コラム「風」平成30年10月
民藝の心
秋田県美郷町長 松 田 知 己
紅葉が始まる時期になりました。一口で紅葉と申しましても、実は葉の色によって赤が紅葉、黄色が黄葉、褐色が褐葉と言うそうです。いずれ、単色であれ混色であれ「紅葉」は美しいわけですので、この時期ならではの美しさ、できる限り堪能したいところです。
そして、別の「堪能」も本格化です。そうです、味覚です。新米の香りとつや、楽しみたいと思います。

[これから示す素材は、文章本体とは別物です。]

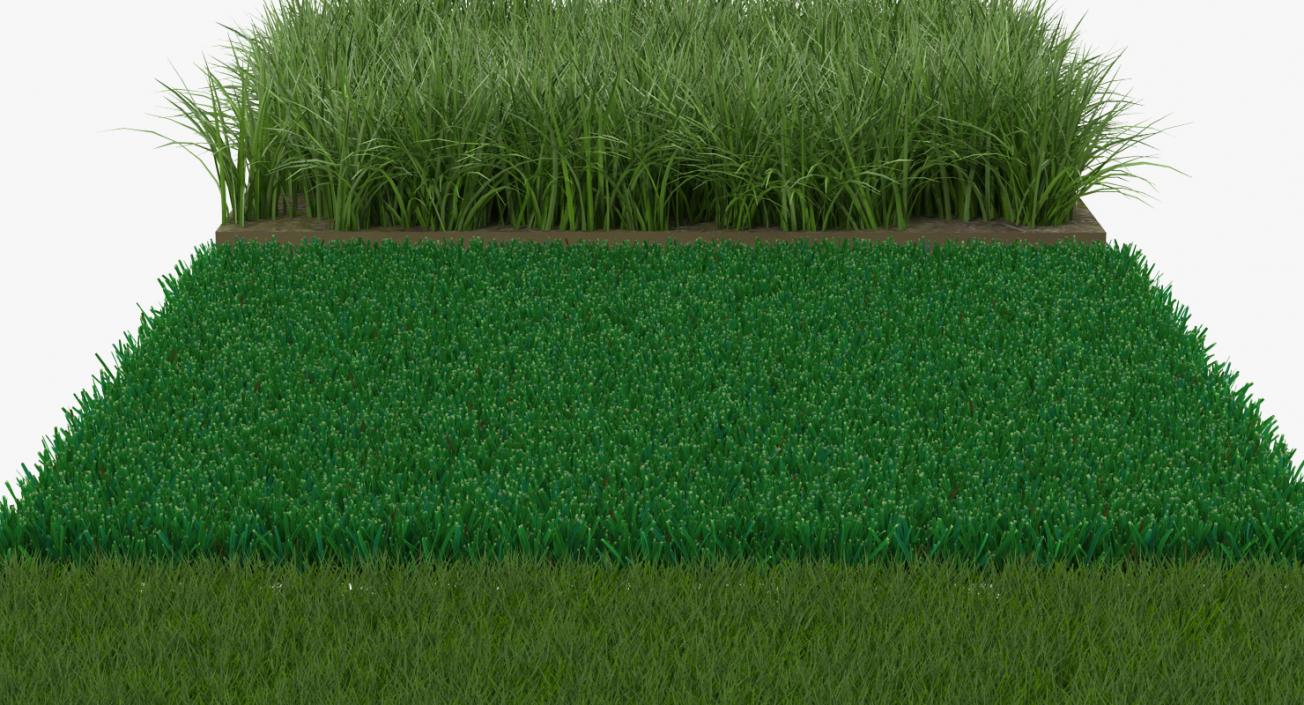 3D Grass Fields Collection model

ちょっと遅れて、里芋はねぎときのこで芋の子汁。これも最高。また、大根はおでんに。あつあつに辛子をつけて、きゅっと一杯。いいですねえ。太って当たり前のこうした味覚、私たちは漢字で「美味(うま)い」と表しますが、味覚に「美」という字を使うあたり、日本人の美意識の広さと感じます。
こうした日本人の美意識ですが、やはり、日常生活すべてを美の対象に見ていたのだろうと思います。でなければ、日常生活における味覚の「美味」も聴覚に付随する「美声」も、言葉として存在しなかったと思います。考えれば考えるほど、「実に面白い」(ガリレオシリーズご覧の方はご存知のセリフ。借用!)と思うところです。
その日常生活における用具の「美」を感受し、評価していこうとするのが「民藝」です。民衆的工芸から命名されたと言われています。思想家で民藝運動の提唱者柳(やなぎ)宗悦(むねよし)は、職人の手で制作された生活用具には用に即した健全な美が宿っているとして、手仕事の文化を守り育てることが生活をより豊かにする旨、主張しております。
そして、かねてより美郷町には、わら細工、あけびづる細工、竹細工という日常生活に根ざした手仕事がありました。まさに民藝です。こうした手仕事を今後も大切にしたいという想いを込めて、町では学友館において今月6日から、「民藝のモノと思想~暮らしの中の美を探る~」と題した特別展を開催します。みなさんには是非ともご覧いただき、日常生活にある美に意識を高めていただくとともに、美郷の手仕事であるわら細工等について、継承していこうとする意欲や機運が高まることを心から期待したいと思います。
民藝の心は、日常生活への見方と評価を研ぎ澄ますと思います。